▶ **EXERCISE**:
Your output must hold every entry exactly as written and none of the pictures.
BEGIN INPUT DATA
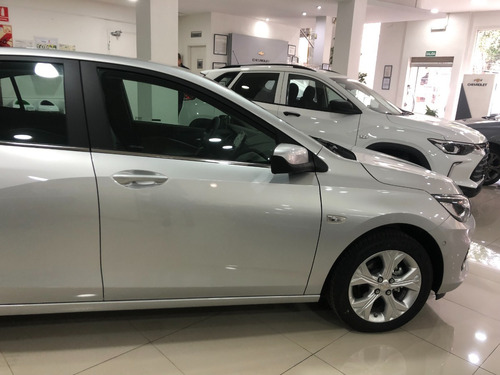 Imagen 9 de 19 de Chevrolet Onix 1.0 Turbo Premier I Mt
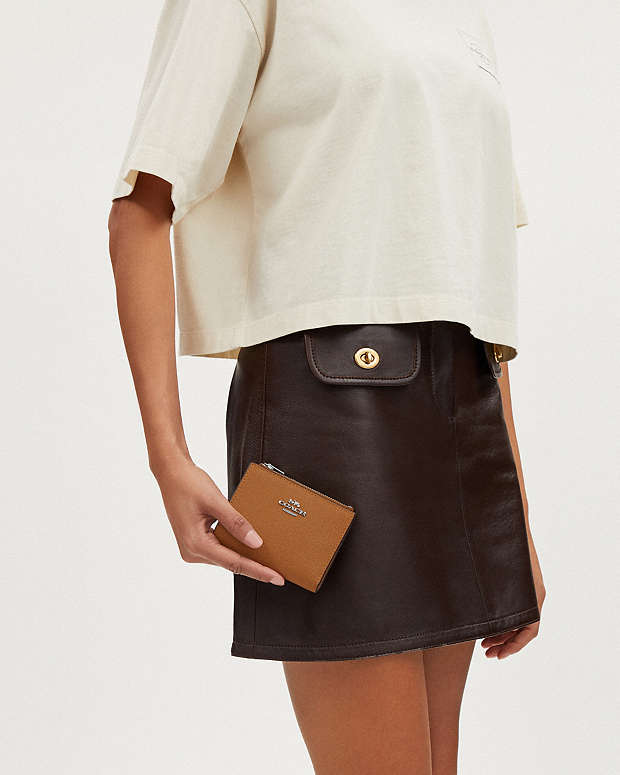 Bifold Wallet Crossgrain Leather-Silver-Light Saddle Crossgrain Leather-Silver-Light Saddle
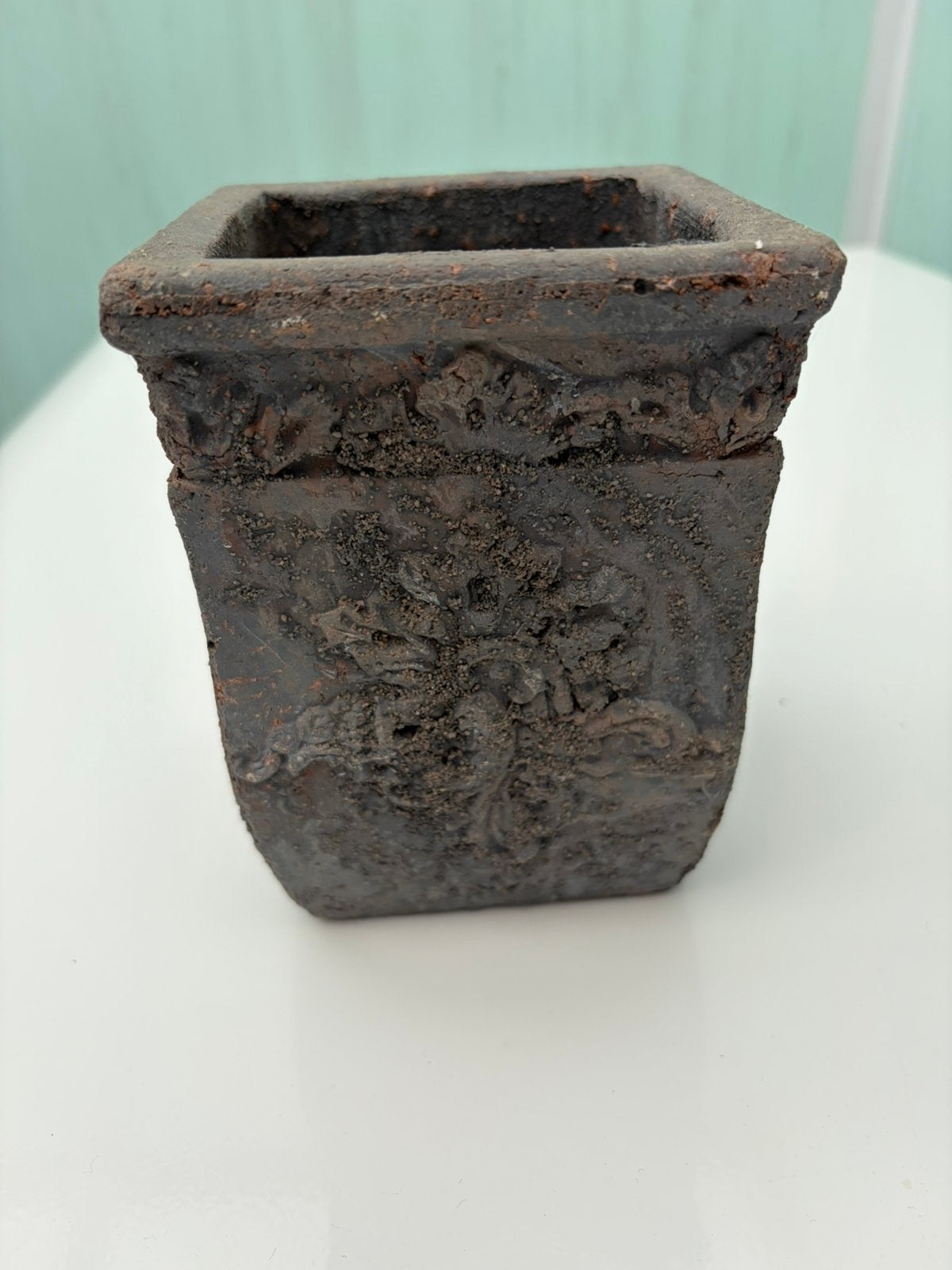 Heel mooie grijze stenen pot hoogte ca 14 cm, Antiek en Kunst, Ophalen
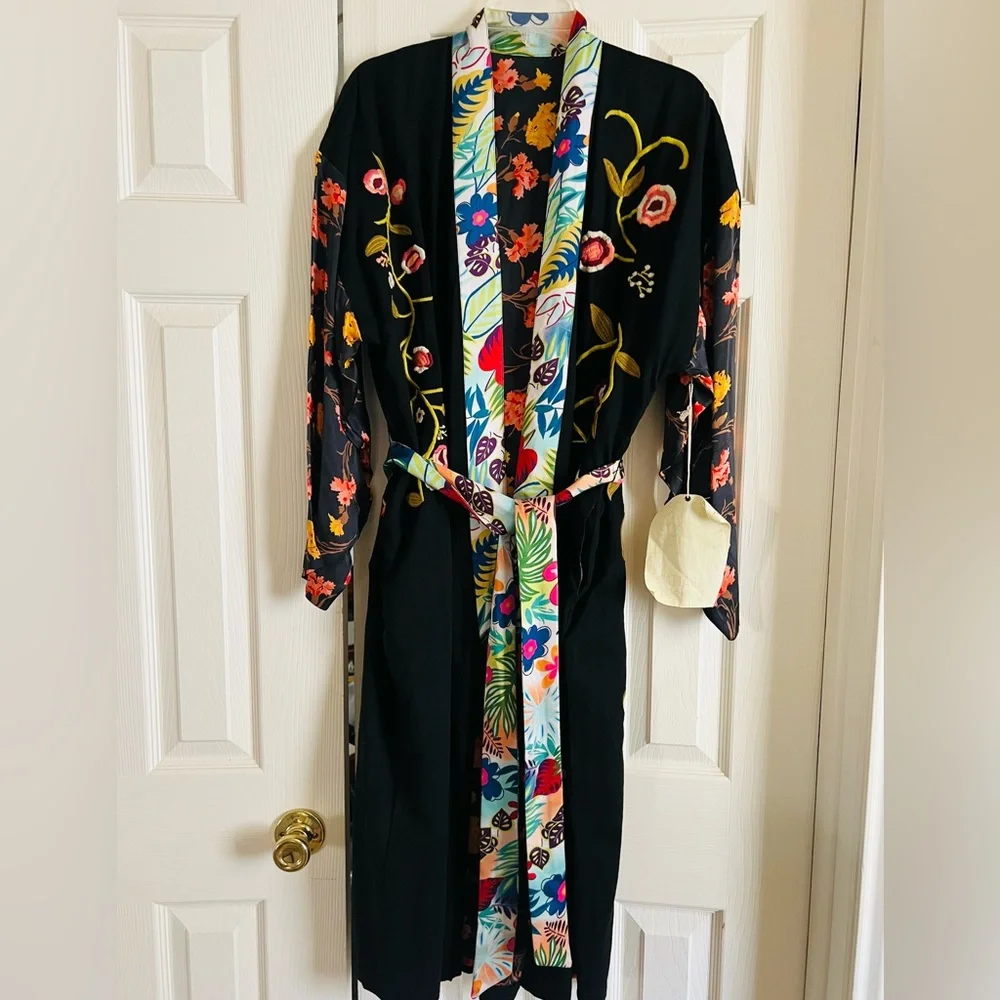 ARATTA Floral Embroidered Kimono - Picture 5 of 14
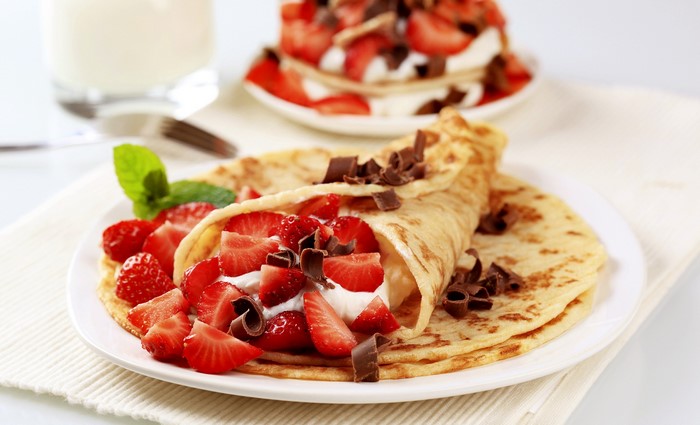 Pancakes with Strawberries and Chocolate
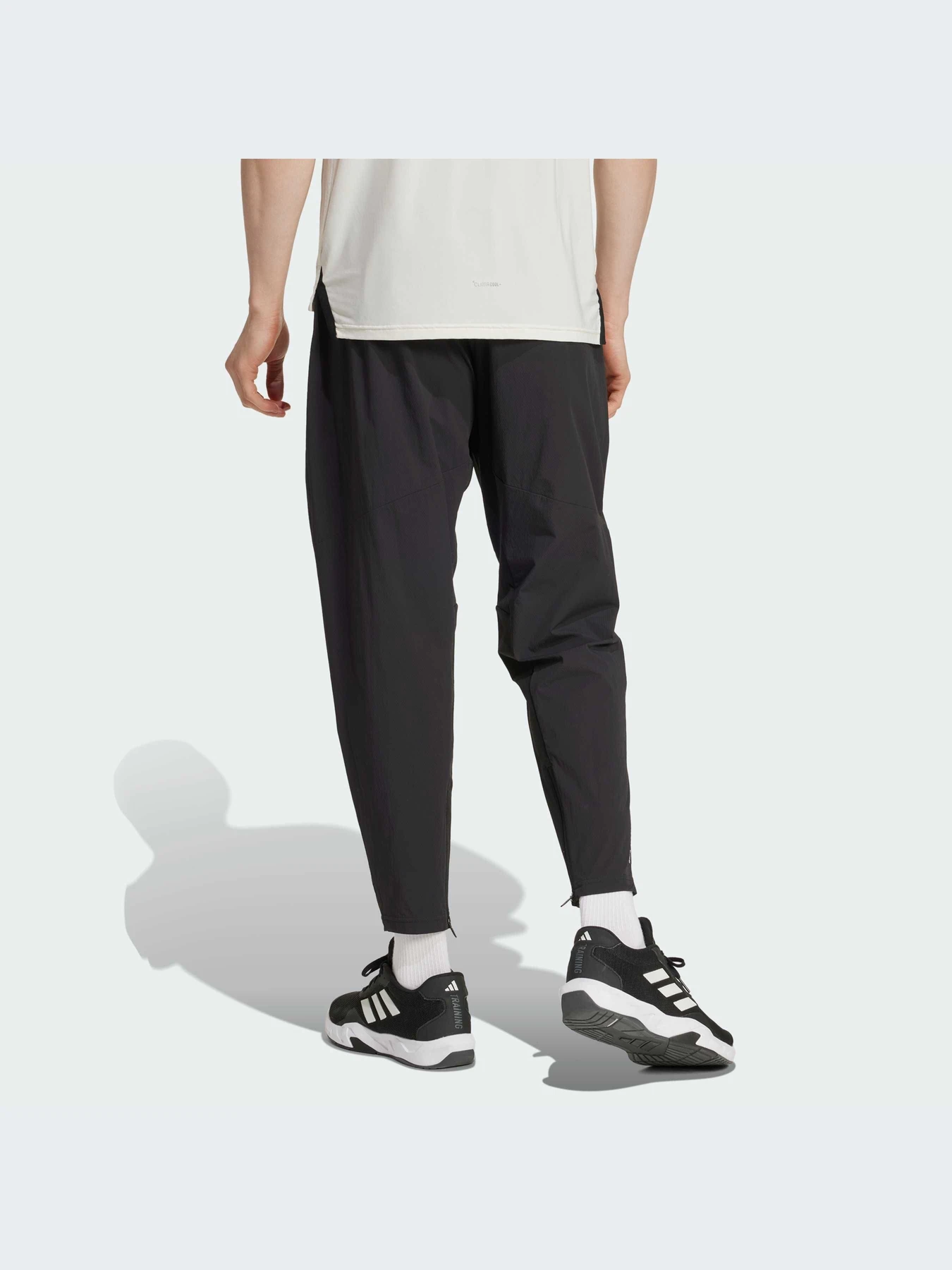 Брюки Adidas модель JI8224-KZ Брюки Adidas модель JI8224-KZ Фото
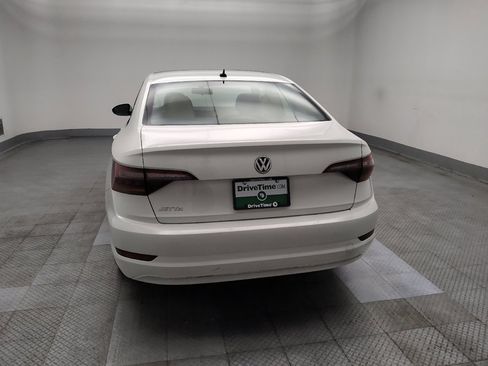 Used 2019 Volkswagen Jetta SE FWD image 6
END INPUT DATA
▶ **COMPLETED TASK**:
 Imagen 9 de 19 de Chevrolet Onix 1.0 Turbo Premier I Mt
 Bifold Wallet Crossgrain Leather-Silver-Light Saddle Crossgrain Leather-Silver-Light Saddle
 Heel mooie grijze stenen pot hoogte ca 14 cm, Antiek en Kunst, Ophalen
 ARATTA Floral Embroidered Kimono - Picture 5 of 14
 Pancakes with Strawberries and Chocolate
 Брюки Adidas модель JI8224-KZ Брюки Adidas модель JI8224-KZ Фото
 Used 2019 Volkswagen Jetta SE FWD image 6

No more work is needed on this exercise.